As Halloween approaches, the days grow shorter; the shadows are longer and an ominous feeling can be detected in the air.
In North America on October 31st, we celebrate Halloween. In Ireland, the ancient Celts celebrated Samhain, a time when spirits could cross over from otherworld. Ireland’s ancient and turbulent history has set the scene for many restless spirits and spine-tingling tales.
In the spirit of Halloween or Samhain, we thought we would give you a taste of the ghostly encounters that Ireland has to offer in what we think are the most haunted places in Ireland.
Most Haunted Places in Ireland
Duckett’s Grove, Co.
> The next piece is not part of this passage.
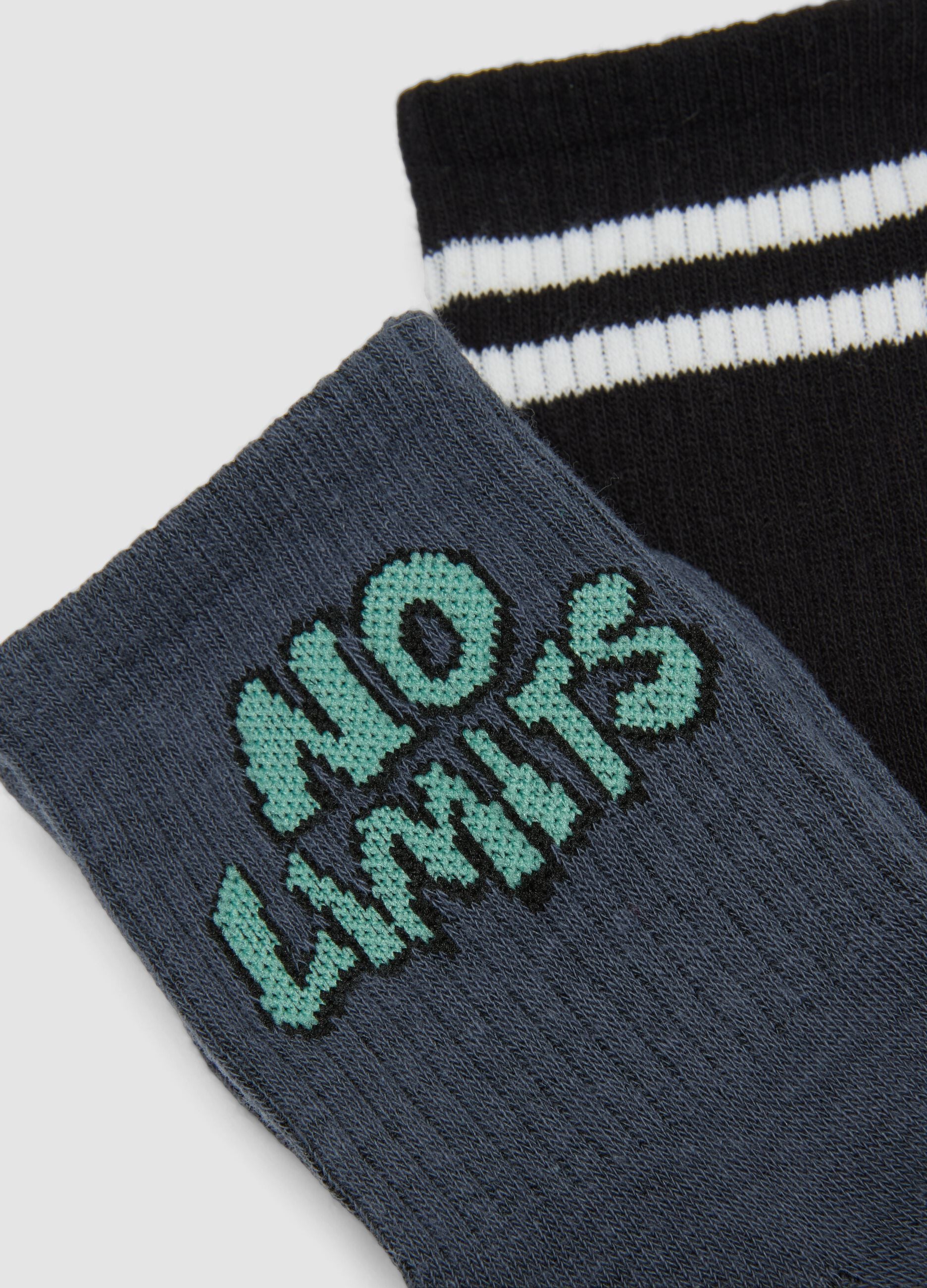 Three-pack of multicolour short socks in stretch organic cotton for boys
Carlow
This 19th century Gothic Revival mansion was mysteriously destroyed by fire in 1933, but its ruins are a hotbed for paranormal activity. Built by William Duckett, the sprawling estate served as the Duckett family home until 1916. Yet, since then, members of the Duckett family have been seen on the property, including William Duckett astride a white horse. People have also reported disembodied voices, shadows and floating orbs of light.
Most sinister, however, is the Duckett’s Grove Banshee.
In Irish tradition, the banshee is a shrieking female spectre whose appearance foretells death. At Duckett’s Grove, the shrieks of the banshee have been heard multiple times including the night when the house was ravaged by fire. Today, visitors can tour the ruined mansion and adjoining gardens and perhaps have their own ghostly encounter.
Kinnitty Castle, Co. Offaly
The area surrounding Kinnitty Castle has a storied history. The site of an ancient stronghold, it is believed to have been significant to the druids and has housed an Augustinian Abbey. The first stronghold was destroyed in 1209; it was rebuilt by the Normans in 1213 and repeatedly changed hands throughout centuries of conflict.
It was remodelled in the 19th century in the gothic revival style and today the castle operates as a luxury hotel. Although replete with modern amenities, the building has retained its historic features, including some of its former residents.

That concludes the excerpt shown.